There are two options for getting to Thunder Bay - the slightly quicker one takes you along the north shores of Georgian Bay and Lake Superior with the journey being approximately 900 miles one way.
If you don't fancy coming back the exact same route, then crossing down into the United States along the International Bridge at Fort Frances means you can along the south of Lake Superior and Lake Huron at the cost of 3 hours.
You'll want to add plenty of stops along the way - the route will take 2 days of solid driving on its own!
The truth is - this is one of those road trips where the process of getting there is better than the actual destination. The routes around the two Great Lakes pass through amazing parks and offer options to divert into places like the French River Provincial Park or check out the beaches of Pukaskwa National Park.
On the way back, there are a number of large national forests in the U.S. as well as the picture-perfect towns in northern Michigan making for a really outstanding drive.
Some of the other trips above and below cover parts of this mega route so if you're short on time and don't want to spend 2 days in a car, there are other options. If you do, though, you'll be rewarded with a complete experience of the rivers, waterfalls, forests and views of the Great Lakes.
Distance from Toronto: 2,140 miles (3,450 km)
Driving time: 36 hours
If the drive from Toronto up to Tadoussac didn't quite feel like you'd see enough of Quebec and light on miles, this is the road trip that should get you excited.
Not for the faint-hearted, the mammoth tour of Quebec goes a little off the beaten track to explore the amazing nature and towns further north.
First stop is to head to Ottawa and crossing the Ottawa River into Gatineau to start your Quebec adventure.

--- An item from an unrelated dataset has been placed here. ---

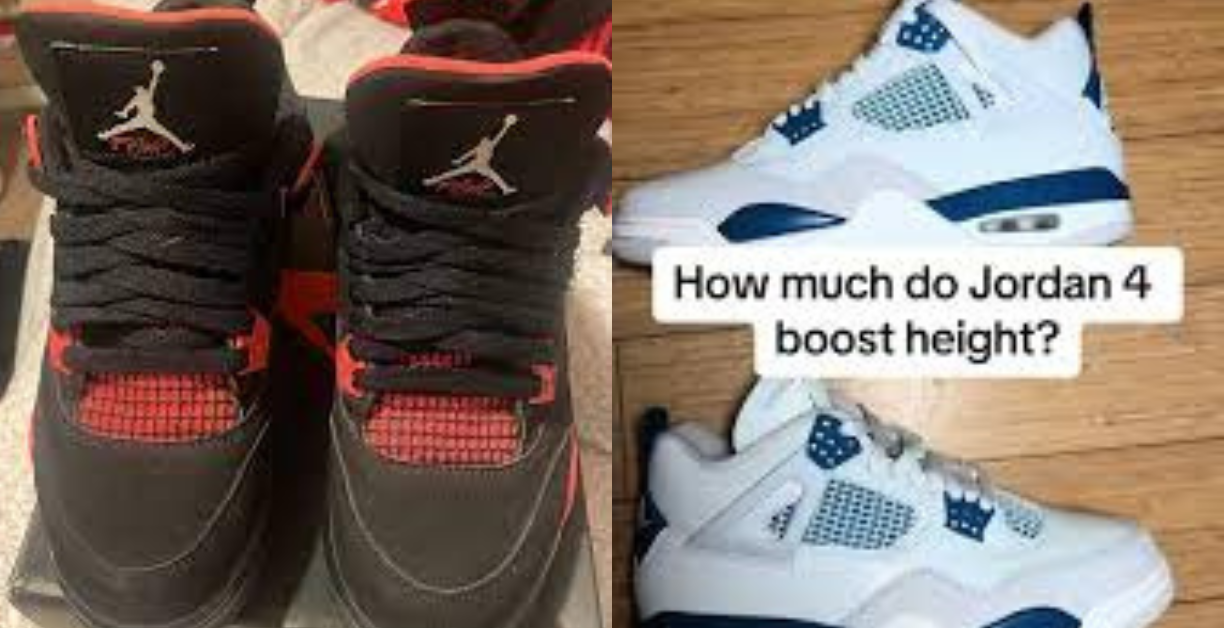 How much height do jordan 4s add in inches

You will drive past thousands of lakes (we're not exaggerating) and through stunning national parks along the route. First off, the trip goes towards Aiguebelle Park in Abitibi. To break up the driving, you can stop off at La Verendrye Wildlife Reserve.

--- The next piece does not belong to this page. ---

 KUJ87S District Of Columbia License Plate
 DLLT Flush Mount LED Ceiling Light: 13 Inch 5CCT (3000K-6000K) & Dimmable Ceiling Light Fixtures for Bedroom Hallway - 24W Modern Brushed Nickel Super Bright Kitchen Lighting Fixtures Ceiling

If that doesn't seem wild enough, the journey then continues along Routes 113 and 167 through conifer forests on the way to Oujé-Bougoumou for some fishing and relaxing away from civilization.
Next stop is Lac St Jean and the Saguenay Fjord. Stunning views are guaranteed and you will progressively feel like you are getting back towards actual towns.
After a stop off at Tadoussac for a spot of whale watching, you're then just making your way back to Toronto through Quebec City, Montreal and back along the north shore of Lake Ontario.
Distance from Toronto: 1,770 miles (2,850 km)
Driving time: 32 hours
A curve ball of a road trip option for those who like to mix culture with a bit of lakeside driving.
The idea is to head down to Michigan and drive the length of its coastline along Lake Michigan and Lake Huron.
Michigan has some amazingly good looking towns and villages all along the coastline - if you make your way to the southern park of Lake Michigan, and drive north, you will pass places like South Haven, Grand Haven, Traverse City and Charlevoix on your way up.
There are other sights as well - the Silver Lakes Sand Dunes is a giant desert-like sand dune that has all the appearance of being on Mars. The Sleeping Bear Dunes further north are long white sand beaches which are perfect for a day of relaxation and a picnic.
As you continue onto Lake Huron, there is a long stretch of the coast that forms part of the Cheboygan State Park and great fish restaurants in tow.
The east side of Michigan is generally less touristy and as a result cheaper and less fancy which is an interesting contrast given almost equally great views and natural landscapes.
As you move further south, the town of Frankenmuth, a little inland from the lake, is a must stop on your itinerary.
You could be forgiven for thinking you have been transported to the Bavarian Alps with the scenery and architecture having a strong central European vibe. Have a (very good) chicken dinner that the town is famous for and take a ride on a riverboat along the Cass River before crossing back into Canada and driving back to Toronto.